I let her cry for a bit, and then asked her if she wanted my advice on what to do. She nodded.

"When people hurt your feelings and you don't know why, it is hard," I said, "because it is tempting to hurt them right back."

'Yeah," she said. "This morning I was going to tell her I didn't want to be her friend anyway, but that isn't true."

"If someone hurts your feelings, I think the best thing to do is tell them. You can't make them nicer, or change their mind, but you can let them know how you feel. You can say 'that hurts my feelings' the next time this happens."

"Okay," she sniffed.

"And you know what? If you leave her alone for a while, I bet she'll forget she said she doesn't want to be friends. Either way, just keep away from her for awhile, so she doesn't have a chance to hurt your feelings again."
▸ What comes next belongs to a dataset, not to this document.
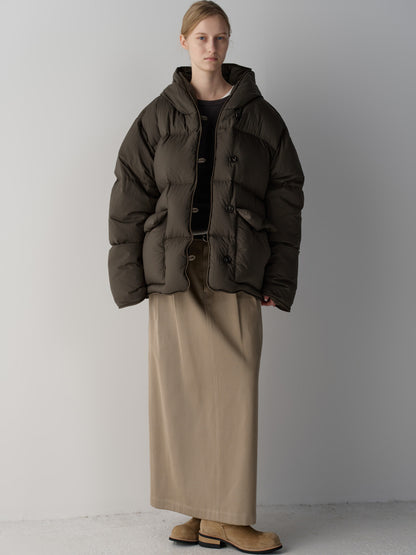 Goose Down Hooded Puffer_brown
The next afternoon, she got off the bus in good spirits. "Guess what?" she said. "That girl said it again today - that she doesn't want to be my friend. I told her that hurt my feelings, and she said she didn't care."

"I'm sorry she wasn't nice," I say. "But you seem like you're okay?"


"Yeah," she says. "I just played with other people instead."

A few days later I asked her what had happened with that girl. She giggled and said, "Oh, it was funny. Yesterday she came up to me in the lunch line and started talking to me. I think she forgot she didn't want to be my friend. And I wasn't about to remind her."

It makes my heart break a little, this growing up too soon. I am tempted to offer platitudes: I'm sure all the kids like you, or don't worry about it, it all works out in the end. Because sometimes it doesn't, and this is just the tip of the iceberg.

Greta is finding her own kind of individuality. So far, she doesn't pretend to like something just to fit in, she wears what she likes and not because other kids think it is cool. School shopping this year, she picked out her own clothes, and she has a kooky sense of style. I found myself trying to steer her towards the brand names, the safe bets. "How about this shirt instead?" I asked, pointing to a simple striped Land's End shirt.

She wrinkled her nose, and held up the bright purple tee shirt with little sea horses all over it. "But nobody else will have this one, Mom. I like this one better."

Atta girl.

6 comments:

  1. I so admire how you handle these situations. Kudos, too for letting Greta be Greta. It's taken me nearly 50 years to be me.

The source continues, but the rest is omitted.